Progressive Familial Intrahepatic Cholestasis

Summarized by Plex Health
Last Updated: 02 May 2022
progressive familial intrahepatic cholestasis. "progressive familial intrahepatic cholestasis.", by Davit-Spraul A, Gonzales E, Baussan C, Jacquemin E. F2: Liver histology. A: liver histology in a PFIC1 patient at age six months. It shows moderate lobular and portal fibrosis; B: liver histology in a PFIC2 patient at age 11 months. It shows hepatocellular...

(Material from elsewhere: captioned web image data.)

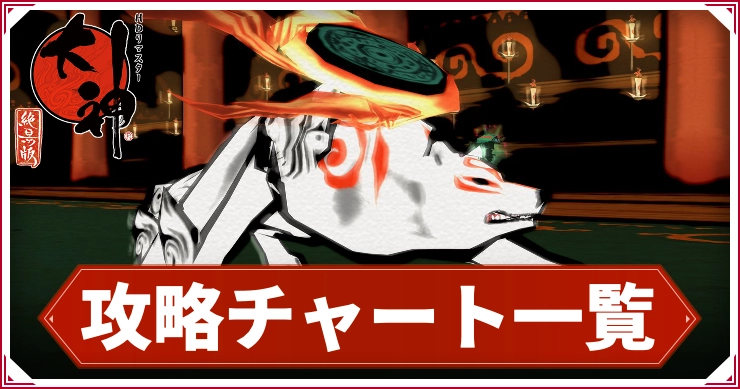 【大神】攻略チャート一覧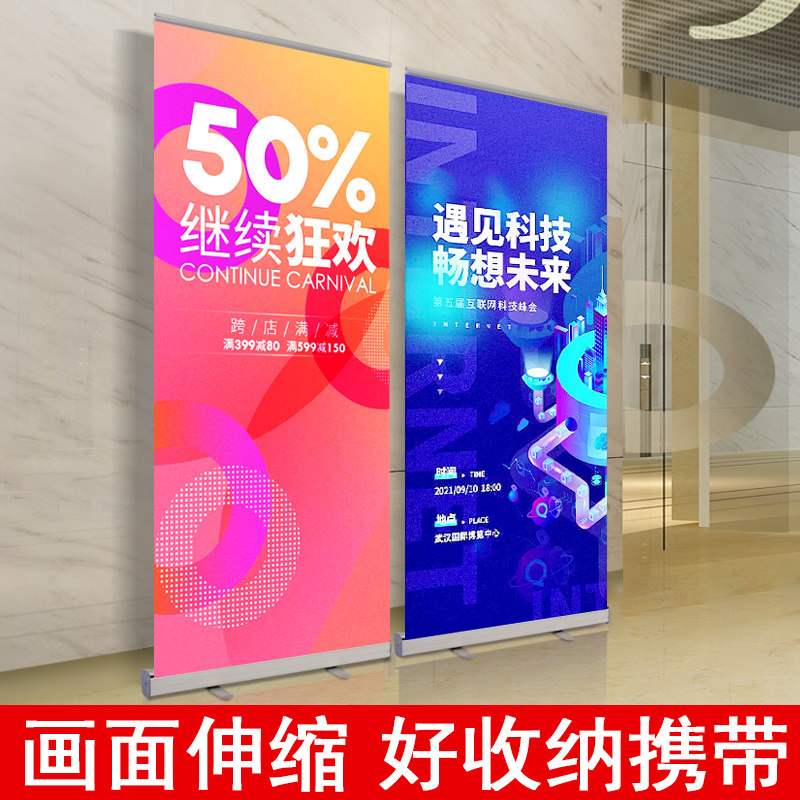 易拉宝x展示架立式落地式尺寸广告牌展示牌招聘海报制作定制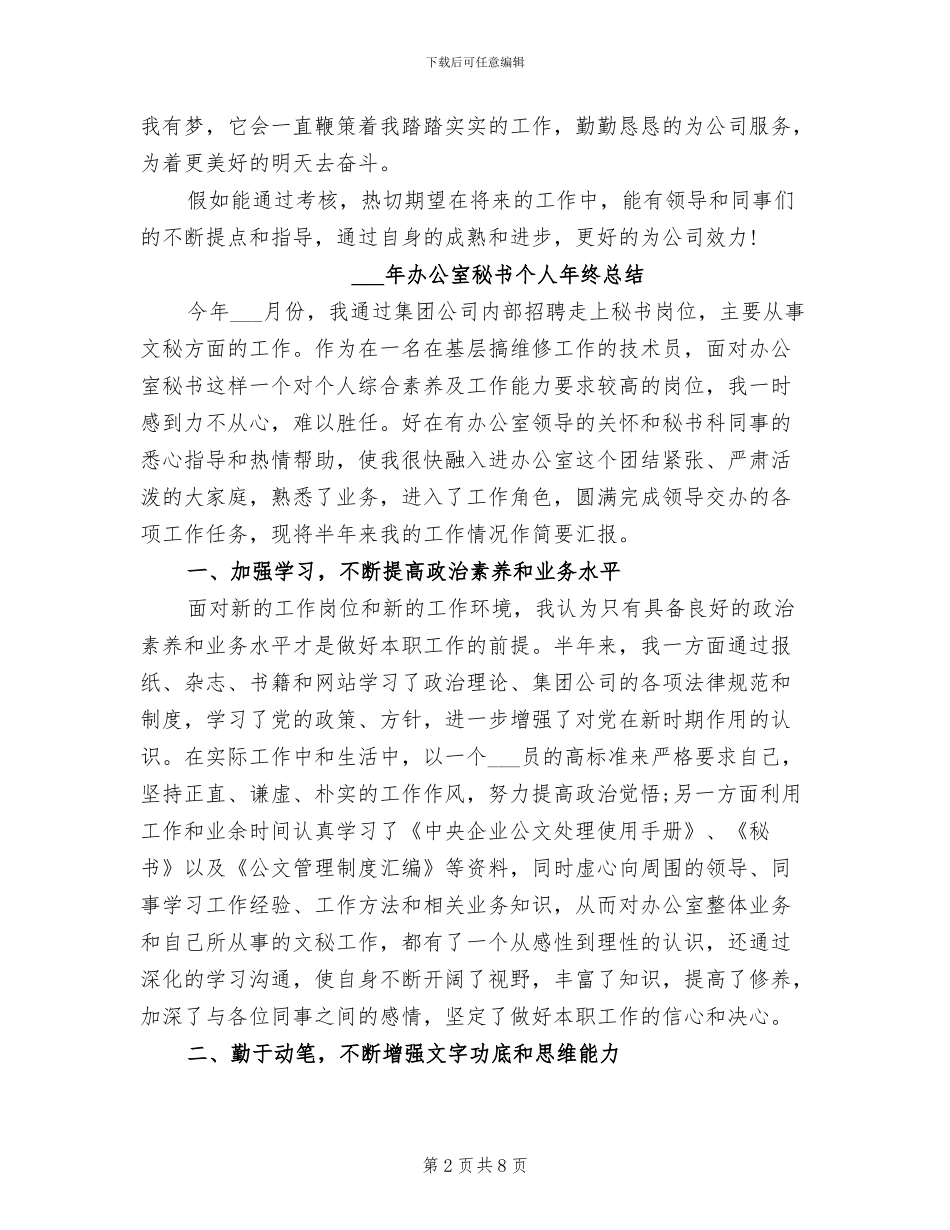 2024年办公室文秘试用期转正工作总结_第2页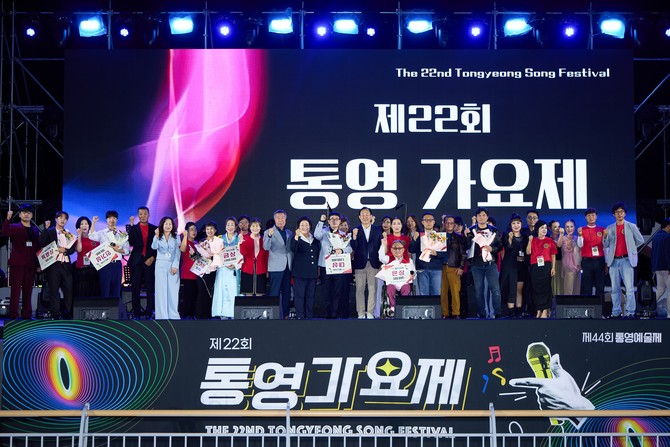 천영기 통영시장이 시민과 관광객의 뜨거운 호응 속에 성황리에 폐막을 한 '제44회 통영예술제'에 참석해 기념촬영을 하고 있는 모습. ⓒ 통영시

Progressive familial intrahepatic cholestasis is a disorder that causes progressive liver disease, which usually results in liver failure. In people with PFIC, liver cells are less able to produce a gastrointestinal fluid called bile. The buildup of bile in liver cells causes liver disease in affected individuals. In addition to signs and symptoms associated with liver disease, people with PFIC1 might have brief stature, deafness, looseness of the bowels, swelling of the pancreatic, and low levels of fat-soluble vitamins in the blood. The symptoms and signs of PFIC2 are generally associated with liver disease only; nevertheless, these signs and symptoms often tend to be more severe than those experienced by people with PFIC1. People with PFIC2 frequently develop liver failure within the first couple of years of life. The majority of people with PFIC3 have signs and symptoms associated with liver disease only. Liver failure can occur in youth or the adult years in people with PFIC3.